## Exercise data
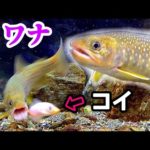 イワナ水槽にコイを泳がせると…釣り人必見？！リアクションバイト！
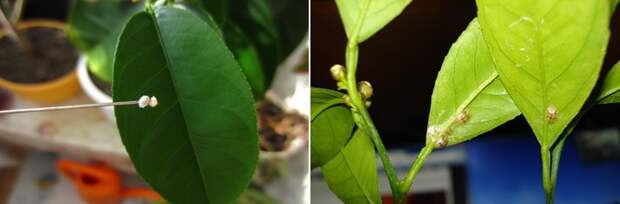 Лимонное дерево вредители мучнистый червец и щитовка фото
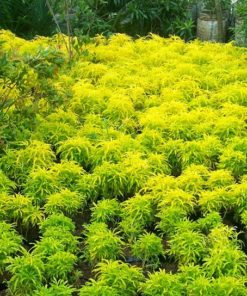 Detail Tanaman Hias Daun Warna Kuning Nomer 22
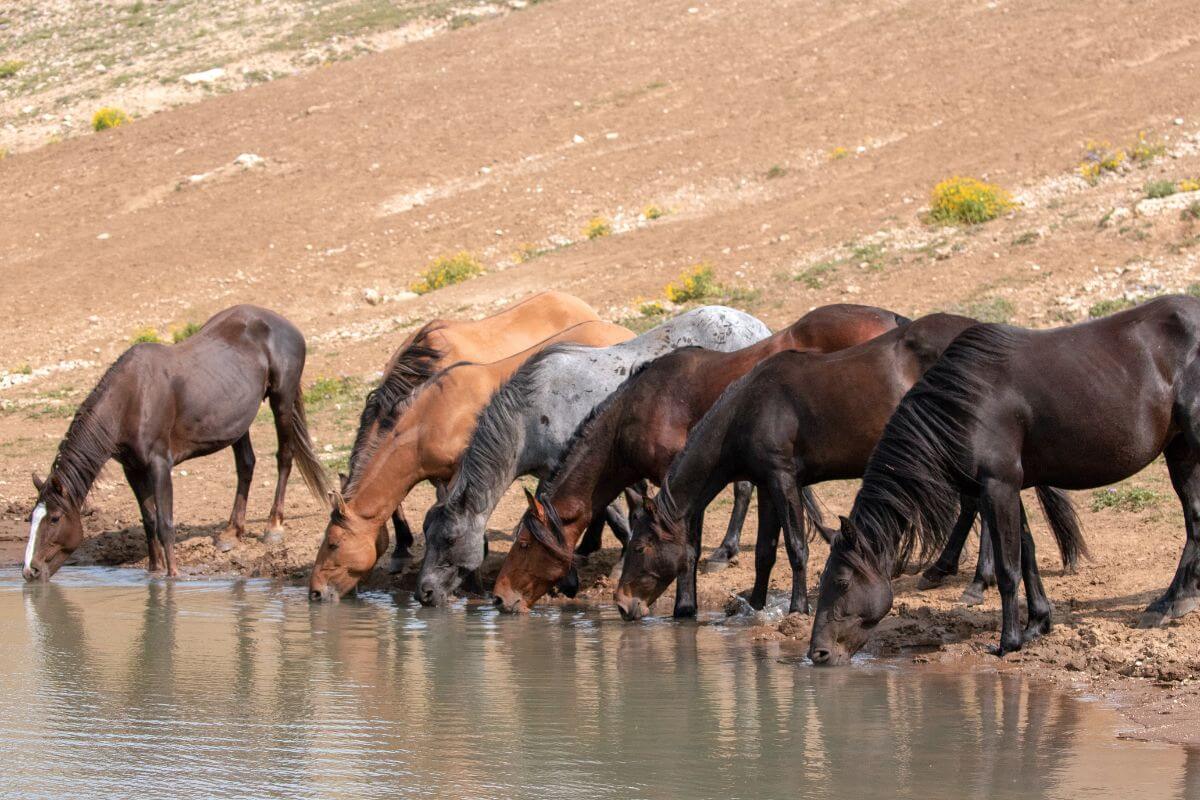 A group of wild Pryor Mountain Mustangs in various colors drinking water from a small pond in Pryor Mountains Wild Horse Range, Montana.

## Required work
Return the complete material above exactly, with no picture.

## Task answer
 イワナ水槽にコイを泳がせると…釣り人必見？！リアクションバイト！
 Лимонное дерево вредители мучнистый червец и щитовка фото
 Detail Tanaman Hias Daun Warna Kuning Nomer 22
 A group of wild Pryor Mountain Mustangs in various colors drinking water from a small pond in Pryor Mountains Wild Horse Range, Montana.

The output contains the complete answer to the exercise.